Work required
Reproduce verbatim the lines of the material below, starting at the line with "Кроссовки женские Tommy" and ending at the line with "Designer Bag Shoulder", both inclusive; skip the rest.

[Available data — start]

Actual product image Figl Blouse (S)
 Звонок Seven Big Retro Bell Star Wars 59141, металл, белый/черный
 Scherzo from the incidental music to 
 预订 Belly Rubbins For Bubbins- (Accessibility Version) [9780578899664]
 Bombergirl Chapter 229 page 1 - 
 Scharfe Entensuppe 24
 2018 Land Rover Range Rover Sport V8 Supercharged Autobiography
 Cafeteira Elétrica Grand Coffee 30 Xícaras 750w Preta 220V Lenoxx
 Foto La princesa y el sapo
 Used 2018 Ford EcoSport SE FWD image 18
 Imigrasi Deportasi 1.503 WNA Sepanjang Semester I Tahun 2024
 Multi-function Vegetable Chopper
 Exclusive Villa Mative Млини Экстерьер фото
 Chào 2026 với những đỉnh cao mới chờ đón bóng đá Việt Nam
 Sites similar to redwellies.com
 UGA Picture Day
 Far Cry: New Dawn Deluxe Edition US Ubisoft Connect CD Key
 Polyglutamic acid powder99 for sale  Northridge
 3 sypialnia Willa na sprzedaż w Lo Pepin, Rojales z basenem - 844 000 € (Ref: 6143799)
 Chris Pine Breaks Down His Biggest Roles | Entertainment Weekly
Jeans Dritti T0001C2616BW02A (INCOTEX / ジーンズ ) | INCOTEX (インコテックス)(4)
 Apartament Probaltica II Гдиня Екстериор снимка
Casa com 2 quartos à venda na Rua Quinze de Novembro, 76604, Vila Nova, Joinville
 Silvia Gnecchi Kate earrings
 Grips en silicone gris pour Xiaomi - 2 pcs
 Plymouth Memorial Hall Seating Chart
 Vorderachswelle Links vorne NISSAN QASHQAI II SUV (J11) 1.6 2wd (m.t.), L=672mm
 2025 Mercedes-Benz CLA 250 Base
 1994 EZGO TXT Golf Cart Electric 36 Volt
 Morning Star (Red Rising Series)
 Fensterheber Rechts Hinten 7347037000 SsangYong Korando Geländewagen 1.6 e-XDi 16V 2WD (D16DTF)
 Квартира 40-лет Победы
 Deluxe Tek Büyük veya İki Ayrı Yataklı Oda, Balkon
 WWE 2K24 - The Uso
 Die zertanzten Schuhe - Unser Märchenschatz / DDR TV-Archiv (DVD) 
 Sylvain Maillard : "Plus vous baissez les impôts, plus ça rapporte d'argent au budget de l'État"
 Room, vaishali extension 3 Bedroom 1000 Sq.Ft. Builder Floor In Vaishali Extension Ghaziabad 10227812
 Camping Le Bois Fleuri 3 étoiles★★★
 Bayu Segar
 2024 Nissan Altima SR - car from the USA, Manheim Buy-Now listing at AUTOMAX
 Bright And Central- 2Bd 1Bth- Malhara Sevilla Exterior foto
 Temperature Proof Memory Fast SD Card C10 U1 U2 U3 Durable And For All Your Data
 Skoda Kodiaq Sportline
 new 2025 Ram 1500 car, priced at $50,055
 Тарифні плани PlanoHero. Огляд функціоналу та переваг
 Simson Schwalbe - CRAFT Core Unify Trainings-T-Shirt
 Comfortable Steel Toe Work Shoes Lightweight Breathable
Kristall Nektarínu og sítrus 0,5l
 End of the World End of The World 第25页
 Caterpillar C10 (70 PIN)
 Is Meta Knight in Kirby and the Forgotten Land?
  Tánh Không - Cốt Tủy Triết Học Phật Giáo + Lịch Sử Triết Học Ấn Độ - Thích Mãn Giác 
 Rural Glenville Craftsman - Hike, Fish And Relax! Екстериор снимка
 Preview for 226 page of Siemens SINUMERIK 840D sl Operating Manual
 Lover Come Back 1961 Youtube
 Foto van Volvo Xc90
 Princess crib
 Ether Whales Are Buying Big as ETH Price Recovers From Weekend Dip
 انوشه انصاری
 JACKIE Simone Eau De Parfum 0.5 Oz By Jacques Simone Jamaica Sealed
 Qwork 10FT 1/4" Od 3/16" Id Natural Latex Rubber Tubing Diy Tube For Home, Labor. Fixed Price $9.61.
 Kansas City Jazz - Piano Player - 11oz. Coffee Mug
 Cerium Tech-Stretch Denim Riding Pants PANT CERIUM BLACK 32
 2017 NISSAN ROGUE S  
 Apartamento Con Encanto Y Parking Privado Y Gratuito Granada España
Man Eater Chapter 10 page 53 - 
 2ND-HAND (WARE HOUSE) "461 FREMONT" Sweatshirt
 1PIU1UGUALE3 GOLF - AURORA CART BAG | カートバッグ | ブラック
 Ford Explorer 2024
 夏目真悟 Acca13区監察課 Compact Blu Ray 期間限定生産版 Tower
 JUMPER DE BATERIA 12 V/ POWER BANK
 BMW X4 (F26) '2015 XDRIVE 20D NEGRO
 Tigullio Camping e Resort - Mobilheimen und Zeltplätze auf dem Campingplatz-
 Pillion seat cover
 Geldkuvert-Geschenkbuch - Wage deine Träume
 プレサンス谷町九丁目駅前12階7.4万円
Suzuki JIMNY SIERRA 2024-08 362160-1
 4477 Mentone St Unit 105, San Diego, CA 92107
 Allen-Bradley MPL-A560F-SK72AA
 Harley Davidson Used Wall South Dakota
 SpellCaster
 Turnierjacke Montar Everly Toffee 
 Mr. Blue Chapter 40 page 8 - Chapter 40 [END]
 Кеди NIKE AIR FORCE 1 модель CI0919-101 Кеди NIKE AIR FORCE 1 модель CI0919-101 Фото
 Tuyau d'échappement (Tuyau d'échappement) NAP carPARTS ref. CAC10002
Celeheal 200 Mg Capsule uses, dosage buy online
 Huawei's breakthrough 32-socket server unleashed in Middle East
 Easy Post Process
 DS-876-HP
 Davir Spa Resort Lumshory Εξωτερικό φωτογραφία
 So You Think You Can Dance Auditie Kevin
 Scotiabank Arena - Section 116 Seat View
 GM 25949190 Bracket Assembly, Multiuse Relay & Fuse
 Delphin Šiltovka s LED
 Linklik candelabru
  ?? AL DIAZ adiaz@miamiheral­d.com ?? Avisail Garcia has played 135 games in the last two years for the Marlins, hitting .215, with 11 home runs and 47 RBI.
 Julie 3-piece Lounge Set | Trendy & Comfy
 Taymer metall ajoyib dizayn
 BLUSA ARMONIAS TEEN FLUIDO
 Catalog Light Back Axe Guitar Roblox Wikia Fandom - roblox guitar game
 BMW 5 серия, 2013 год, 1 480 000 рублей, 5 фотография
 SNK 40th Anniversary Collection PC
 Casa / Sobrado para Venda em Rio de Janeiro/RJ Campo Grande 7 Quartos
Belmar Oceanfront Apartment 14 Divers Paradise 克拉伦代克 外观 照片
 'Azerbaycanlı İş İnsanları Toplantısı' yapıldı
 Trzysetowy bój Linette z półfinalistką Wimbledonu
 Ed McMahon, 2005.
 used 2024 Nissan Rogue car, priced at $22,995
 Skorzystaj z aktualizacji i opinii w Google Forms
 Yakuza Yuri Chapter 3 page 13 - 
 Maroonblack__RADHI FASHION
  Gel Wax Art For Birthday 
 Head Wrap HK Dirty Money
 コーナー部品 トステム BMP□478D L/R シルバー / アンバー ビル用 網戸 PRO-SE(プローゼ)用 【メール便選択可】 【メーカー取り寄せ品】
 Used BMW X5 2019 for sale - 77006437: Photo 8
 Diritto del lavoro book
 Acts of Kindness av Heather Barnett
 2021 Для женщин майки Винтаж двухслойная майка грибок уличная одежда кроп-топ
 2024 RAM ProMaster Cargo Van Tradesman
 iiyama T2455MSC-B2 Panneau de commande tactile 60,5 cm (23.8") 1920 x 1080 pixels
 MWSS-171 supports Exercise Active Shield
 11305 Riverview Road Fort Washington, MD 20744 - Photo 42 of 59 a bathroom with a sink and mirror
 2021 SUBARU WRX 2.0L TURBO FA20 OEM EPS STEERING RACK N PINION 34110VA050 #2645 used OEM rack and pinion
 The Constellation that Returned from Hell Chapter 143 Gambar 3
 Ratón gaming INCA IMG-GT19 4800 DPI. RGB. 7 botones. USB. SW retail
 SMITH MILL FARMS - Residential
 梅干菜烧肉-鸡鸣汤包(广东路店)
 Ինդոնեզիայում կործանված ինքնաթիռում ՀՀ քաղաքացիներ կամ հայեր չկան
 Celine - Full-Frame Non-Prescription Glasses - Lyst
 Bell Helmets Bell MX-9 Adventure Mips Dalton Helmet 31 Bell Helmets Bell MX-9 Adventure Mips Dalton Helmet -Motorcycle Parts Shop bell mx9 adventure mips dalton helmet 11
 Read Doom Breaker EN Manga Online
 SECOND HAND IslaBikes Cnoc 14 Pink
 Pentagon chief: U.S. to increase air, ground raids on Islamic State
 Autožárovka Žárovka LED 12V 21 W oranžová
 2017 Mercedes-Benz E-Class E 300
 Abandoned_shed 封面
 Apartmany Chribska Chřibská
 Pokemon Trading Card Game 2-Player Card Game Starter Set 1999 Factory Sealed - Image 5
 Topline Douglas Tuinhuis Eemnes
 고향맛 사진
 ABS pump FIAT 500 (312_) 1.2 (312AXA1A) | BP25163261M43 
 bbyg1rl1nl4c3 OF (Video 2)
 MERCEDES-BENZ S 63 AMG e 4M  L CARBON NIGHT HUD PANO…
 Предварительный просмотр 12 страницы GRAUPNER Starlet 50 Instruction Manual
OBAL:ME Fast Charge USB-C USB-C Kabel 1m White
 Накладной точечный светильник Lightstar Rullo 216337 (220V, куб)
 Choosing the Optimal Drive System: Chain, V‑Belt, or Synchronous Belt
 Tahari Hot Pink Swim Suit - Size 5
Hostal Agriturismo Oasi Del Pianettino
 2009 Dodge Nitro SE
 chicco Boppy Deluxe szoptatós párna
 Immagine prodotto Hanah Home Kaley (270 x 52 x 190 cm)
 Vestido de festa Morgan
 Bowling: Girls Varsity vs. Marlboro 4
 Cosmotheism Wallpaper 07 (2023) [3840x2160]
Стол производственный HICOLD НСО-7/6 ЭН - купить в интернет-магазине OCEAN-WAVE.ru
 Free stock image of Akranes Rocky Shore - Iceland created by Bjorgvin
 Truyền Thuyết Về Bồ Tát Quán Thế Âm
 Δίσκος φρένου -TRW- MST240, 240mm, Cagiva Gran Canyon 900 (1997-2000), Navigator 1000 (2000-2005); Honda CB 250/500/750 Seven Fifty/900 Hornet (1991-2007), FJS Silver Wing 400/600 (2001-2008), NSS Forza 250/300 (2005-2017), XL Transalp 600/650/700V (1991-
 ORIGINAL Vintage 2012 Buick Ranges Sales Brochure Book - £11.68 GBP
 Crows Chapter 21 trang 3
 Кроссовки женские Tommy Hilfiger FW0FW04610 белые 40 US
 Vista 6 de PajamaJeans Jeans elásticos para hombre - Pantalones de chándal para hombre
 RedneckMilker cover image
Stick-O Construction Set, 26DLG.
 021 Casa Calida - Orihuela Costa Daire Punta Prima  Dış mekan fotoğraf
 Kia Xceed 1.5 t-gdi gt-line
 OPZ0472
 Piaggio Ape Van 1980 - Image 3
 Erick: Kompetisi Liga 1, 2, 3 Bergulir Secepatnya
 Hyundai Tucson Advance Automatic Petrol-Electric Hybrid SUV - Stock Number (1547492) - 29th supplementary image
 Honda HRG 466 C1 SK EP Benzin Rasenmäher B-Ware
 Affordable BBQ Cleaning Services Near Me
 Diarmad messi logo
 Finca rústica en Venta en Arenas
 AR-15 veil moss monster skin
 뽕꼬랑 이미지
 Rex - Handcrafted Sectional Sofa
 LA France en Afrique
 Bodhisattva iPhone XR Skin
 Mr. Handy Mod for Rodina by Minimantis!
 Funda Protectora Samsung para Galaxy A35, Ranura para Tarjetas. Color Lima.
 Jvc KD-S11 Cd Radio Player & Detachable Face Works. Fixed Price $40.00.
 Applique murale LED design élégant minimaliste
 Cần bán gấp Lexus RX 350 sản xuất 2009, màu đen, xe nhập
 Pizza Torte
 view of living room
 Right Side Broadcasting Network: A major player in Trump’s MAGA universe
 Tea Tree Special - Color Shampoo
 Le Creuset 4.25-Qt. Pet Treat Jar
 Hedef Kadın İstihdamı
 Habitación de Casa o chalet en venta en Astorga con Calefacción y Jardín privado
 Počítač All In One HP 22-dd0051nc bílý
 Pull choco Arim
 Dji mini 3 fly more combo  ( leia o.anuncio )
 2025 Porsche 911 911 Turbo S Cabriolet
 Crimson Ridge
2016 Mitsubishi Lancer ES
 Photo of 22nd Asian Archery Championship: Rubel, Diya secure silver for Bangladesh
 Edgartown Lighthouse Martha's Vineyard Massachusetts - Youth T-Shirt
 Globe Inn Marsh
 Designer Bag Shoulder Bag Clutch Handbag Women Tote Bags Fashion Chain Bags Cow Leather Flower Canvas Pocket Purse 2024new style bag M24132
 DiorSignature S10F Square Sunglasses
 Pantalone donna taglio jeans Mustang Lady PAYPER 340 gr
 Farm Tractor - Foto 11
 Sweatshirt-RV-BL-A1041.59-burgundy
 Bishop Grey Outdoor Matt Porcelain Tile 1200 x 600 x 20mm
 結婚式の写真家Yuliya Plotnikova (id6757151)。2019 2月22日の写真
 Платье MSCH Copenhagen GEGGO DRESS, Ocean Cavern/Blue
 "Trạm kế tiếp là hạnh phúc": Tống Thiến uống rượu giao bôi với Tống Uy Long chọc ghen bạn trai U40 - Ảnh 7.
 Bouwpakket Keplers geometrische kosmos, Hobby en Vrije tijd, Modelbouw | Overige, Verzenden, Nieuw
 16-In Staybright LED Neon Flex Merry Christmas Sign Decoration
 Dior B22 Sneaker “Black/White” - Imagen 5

[Available data — finish]

Written reply
 Кроссовки женские Tommy Hilfiger FW0FW04610 белые 40 US
 Vista 6 de PajamaJeans Jeans elásticos para hombre - Pantalones de chándal para hombre
 RedneckMilker cover image
Stick-O Construction Set, 26DLG.
 021 Casa Calida - Orihuela Costa Daire Punta Prima  Dış mekan fotoğraf
 Kia Xceed 1.5 t-gdi gt-line
 OPZ0472
 Piaggio Ape Van 1980 - Image 3
 Erick: Kompetisi Liga 1, 2, 3 Bergulir Secepatnya
 Hyundai Tucson Advance Automatic Petrol-Electric Hybrid SUV - Stock Number (1547492) - 29th supplementary image
 Honda HRG 466 C1 SK EP Benzin Rasenmäher B-Ware
 Affordable BBQ Cleaning Services Near Me
 Diarmad messi logo
 Finca rústica en Venta en Arenas
 AR-15 veil moss monster skin
 뽕꼬랑 이미지
 Rex - Handcrafted Sectional Sofa
 LA France en Afrique
 Bodhisattva iPhone XR Skin
 Mr. Handy Mod for Rodina by Minimantis!
 Funda Protectora Samsung para Galaxy A35, Ranura para Tarjetas. Color Lima.
 Jvc KD-S11 Cd Radio Player & Detachable Face Works. Fixed Price $40.00.
 Applique murale LED design élégant minimaliste
 Cần bán gấp Lexus RX 350 sản xuất 2009, màu đen, xe nhập
 Pizza Torte
 view of living room
 Right Side Broadcasting Network: A major player in Trump’s MAGA universe
 Tea Tree Special - Color Shampoo
 Le Creuset 4.25-Qt. Pet Treat Jar
 Hedef Kadın İstihdamı
 Habitación de Casa o chalet en venta en Astorga con Calefacción y Jardín privado
 Počítač All In One HP 22-dd0051nc bílý
 Pull choco Arim
 Dji mini 3 fly more combo  ( leia o.anuncio )
 2025 Porsche 911 911 Turbo S Cabriolet
 Crimson Ridge
2016 Mitsubishi Lancer ES
 Photo of 22nd Asian Archery Championship: Rubel, Diya secure silver for Bangladesh
 Edgartown Lighthouse Martha's Vineyard Massachusetts - Youth T-Shirt
 Globe Inn Marsh
 Designer Bag Shoulder Bag Clutch Handbag Women Tote Bags Fashion Chain Bags Cow Leather Flower Canvas Pocket Purse 2024new style bag M24132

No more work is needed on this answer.